Microsoft is also including the consumer preview of its Skype integration. Skype video calling and messaging features (1:1 messaging, calling, and emoticons) are now built into native Windows 10 apps. Microsoft didn’t say when the integration would come out of preview.
Windows Update for Business lets IT departments control the deployment of updates within their organizations. It’s possible to set up device groups with staggered deployments and scale deployments with network optimizations.
Windows Store for Business lets IT departments find, acquire, manage, and distribute apps to Windows 10 devices by directly assigning apps, publishing apps to a private store, or connecting with management solutions. That includes apps in the Windows Store as well as custom business apps. Organizations can choose their preferred distribution method.
IT departments can now also use new Mobile Device Management features to manage the entire family of Windows devices, including PCs, tablets, phones, and IOT. Additionally, the new Azure Active Directory Join lets IT departments maintain one directory so employees can have a single login and securely roam their Windows settings and data across all of their Windows 10 devices.

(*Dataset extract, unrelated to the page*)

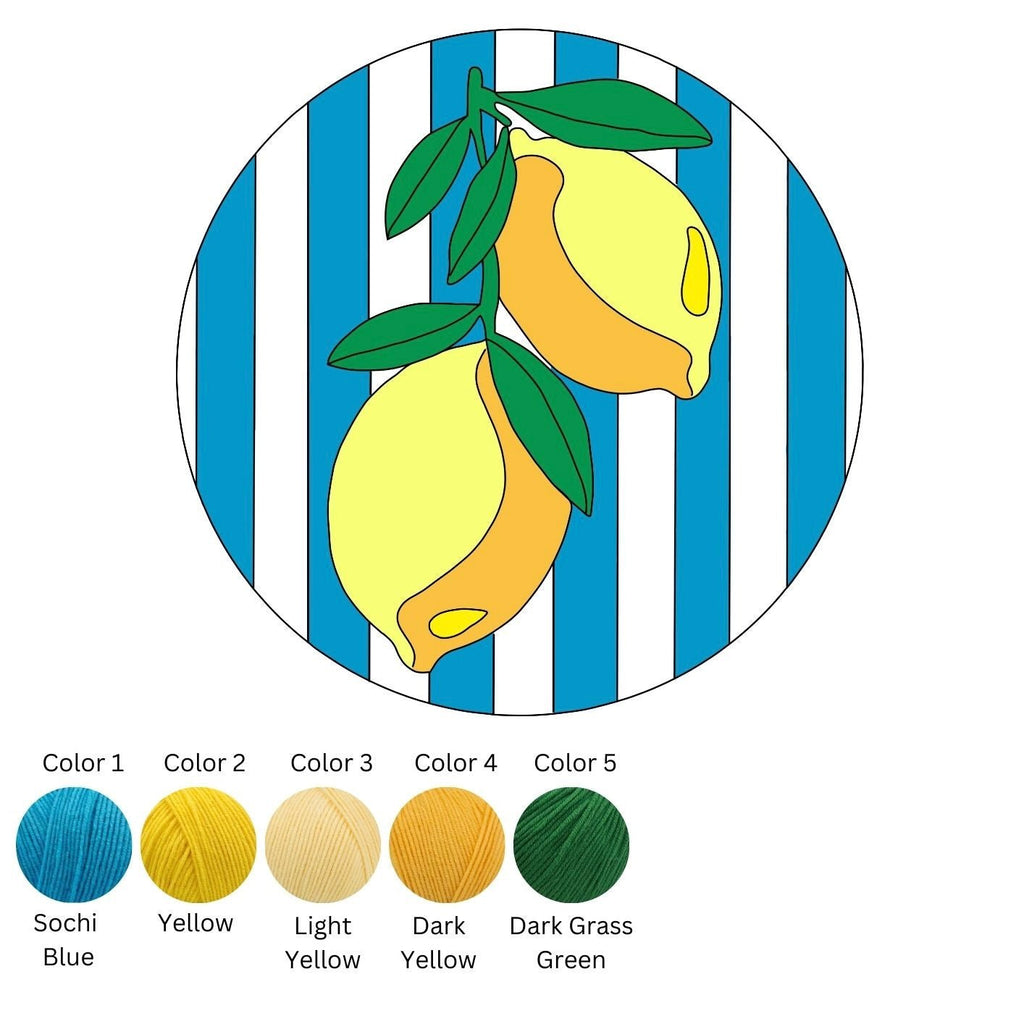 Punch Needle DIY Komplett-Set "Limoncello"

In addition to all of the above, Microsoft says “thousands of partners” have updated their device drivers and applications for great Windows 10 compatibility. Last night, the new Xbox One experience started rolling out, which includes Windows 10. All that is left is Windows 10 Mobile: Microsoft plans to launch the first Windows 10 phones this month and to roll out Windows 10 Mobile to existing Windows Phone users in December.